Falls die sich abzeichnende Koalitionseintracht im Bundestag hält, wollen der Kanzler und seine Partei sich erkenntlich zeigen. Der Nürnberger SPD-Bundesparteitag dürfte dann zu einer Art Rot-Grün-Revival-Veranstaltung werden. Und bei den Sozialdemokraten hofft man, dass sich die Grünen am übernächsten Wochenende bei ihrem Kongress in Rostock entsprechend revanchieren werden.

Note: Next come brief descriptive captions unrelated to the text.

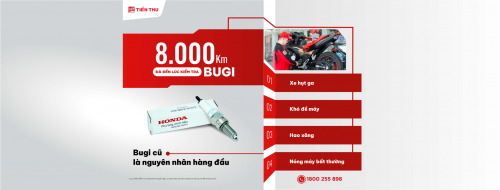 8,000 Km - Đã Đến Lúc Kiểm Tra Bugi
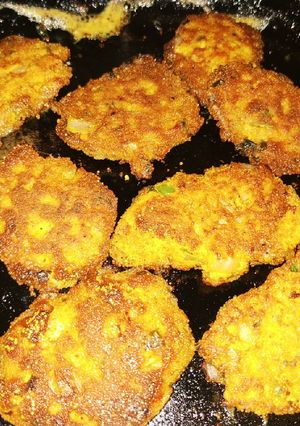 A picture of Fish egg fry.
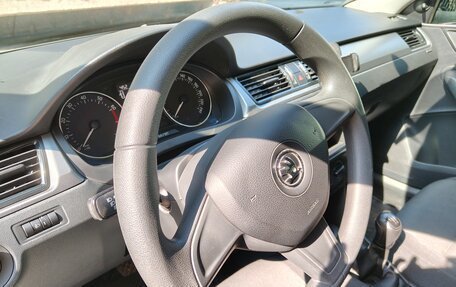 Skoda Rapid I, 2015 год, 957 000 рублей, 7 фотография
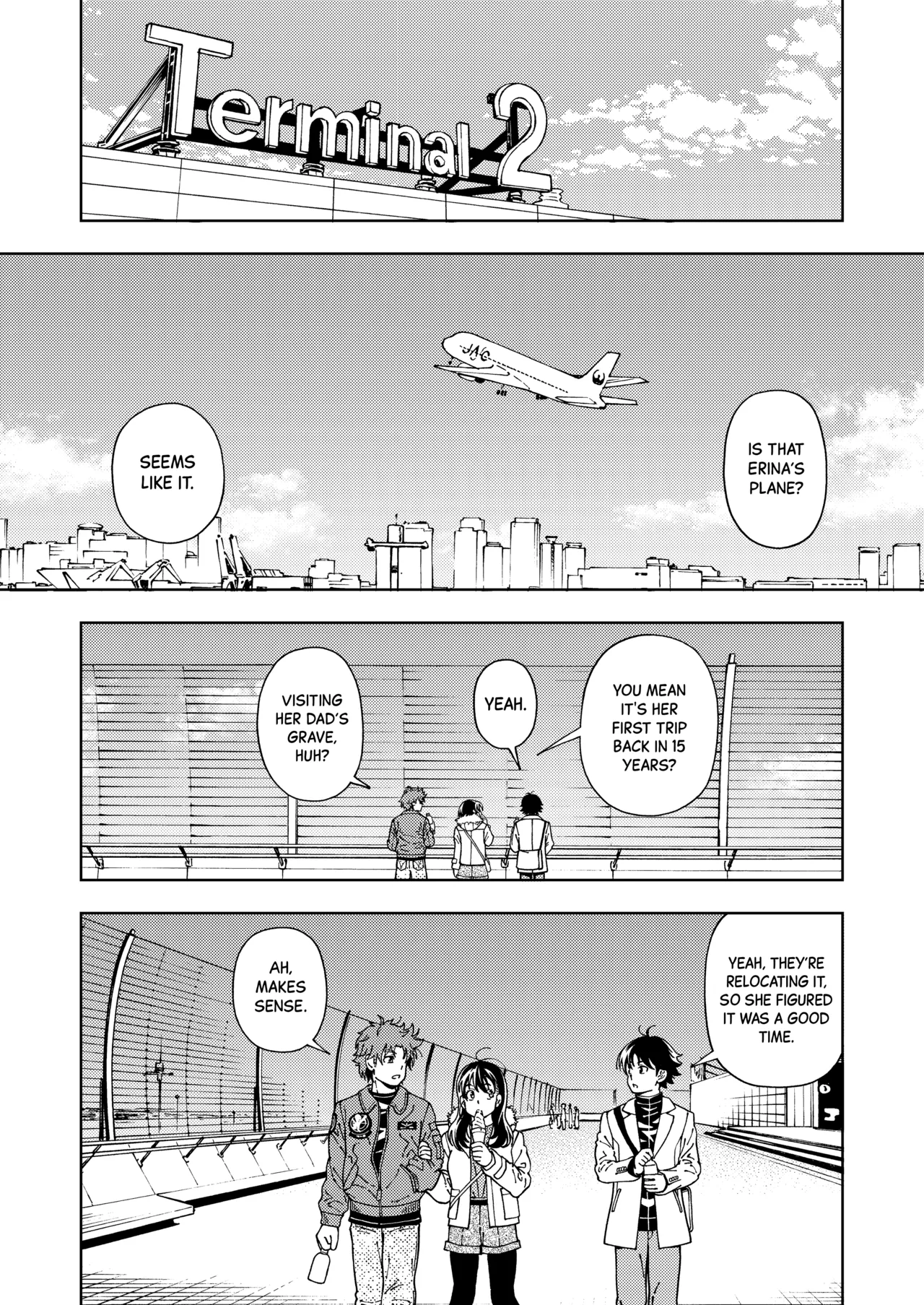 Honey Blonde ~Margaret~ Chapter 1 - page 7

Als Erpressungsversuch interpretiert
An der Basis ist der Unmut jedenfalls groß. Nicht nur haben sich die meisten Landesverbände gegen den Kriegseinsatz ausgesprochen. Auch die als Erpressungsversuch interpretierte Verquickung von Sachfrage und Vertrauensfrage erzürnt die Parteimitglieder. Die Abgeordneten müssten nach ihrem Gewissen entscheiden dürfen, meinte die niedersächsische Grünen-Chefin Heidi Tischmann in der »Bild«-Zeitung. Die Sprecherin der Grünen-Organisation »Basis-Grün« in Baden-Württemberg, Sylvia Kotting-Uhl, warnte im selben Blatt sogar davor, dass eine Zustimmung zum Bundeswehreinsatz der Partei das Genick brechen werde. Für den Landesvorsitzenden der bayerischen Grünen, Gerald Häfner, kommt die Abstimmung im Bundestag wegen der Vertrauensfrage einer »Frage über Sein und Nichtsein der Grünen« gleich.